BERNICK. — C’est impossible, te dis-je ! Notre petite société a encore assez de bon sens…

HILMAR. — Ici ? Tu es optimiste et tu juges les autres d’après toi-même. Mais moi, qui suis un observateur assez exercé… Il n’y a pas ici une seule personne, excepté nous, une seule personne qui porte dignement le drapeau intellectuel. (Il va au fond du salon.) Oh ! Oh ! les voilà qu’ils viennent !

BERNICK. — Qui ?

HILMAR. — Les deux Américains. (Il regarde.) Mais, qui donc est là avec eux ? Dieu m’assiste !… C’est le capitaine de l’Indian Girl!… Oh ! Oh !

BERNICK. — Que peuvent-ils avoir à lui dire ?

HILMAR. — Cette société doit leur convenir. Il a, sans doute, été marchand d’esclaves ou corsaire. Et quant aux deux autres, qui sait ce qu’ils ont fait ?

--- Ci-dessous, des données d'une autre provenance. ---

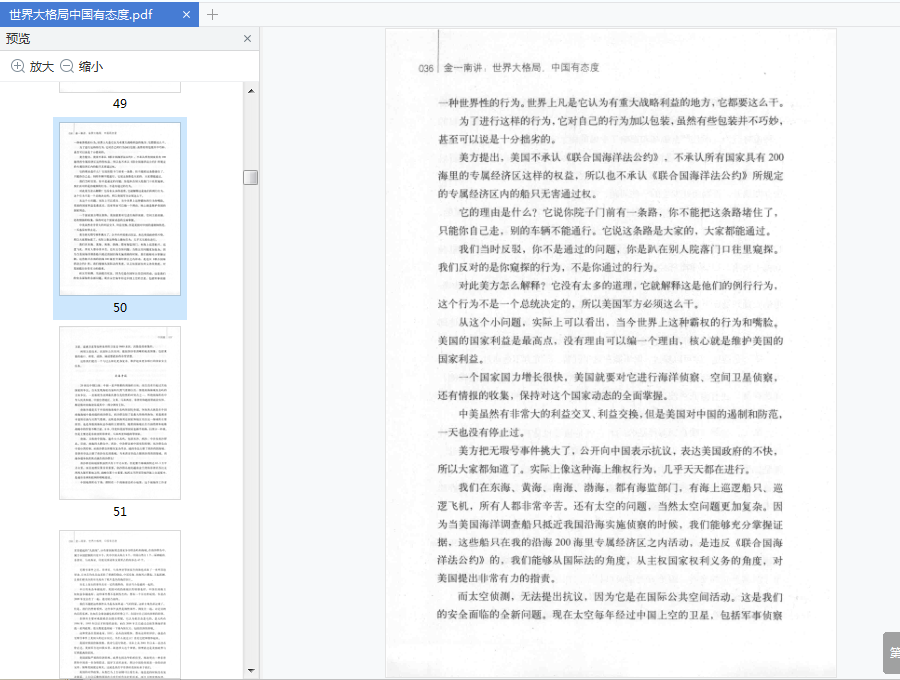 世界大格局中国有态度pdf下载-世界大格局中国有态度在线阅读完整版插图(7)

BERNICK. — Je te dis que tu es injuste à leur égard, quand tu parles d’eux ainsi.

HILMAR. — Tu es un optimiste !… Nous allons encore les avoir sur le dos, naturellement. Je vais m’esquiver pendant qu’il en est encore temps.

(Il prend la porte de gauche.)

Scène IV

Mlle LONA, HILMAR

LONA (elle arrive par la gauche). — Voyons, Hilmar est-ce moi qui te mets en fuite ?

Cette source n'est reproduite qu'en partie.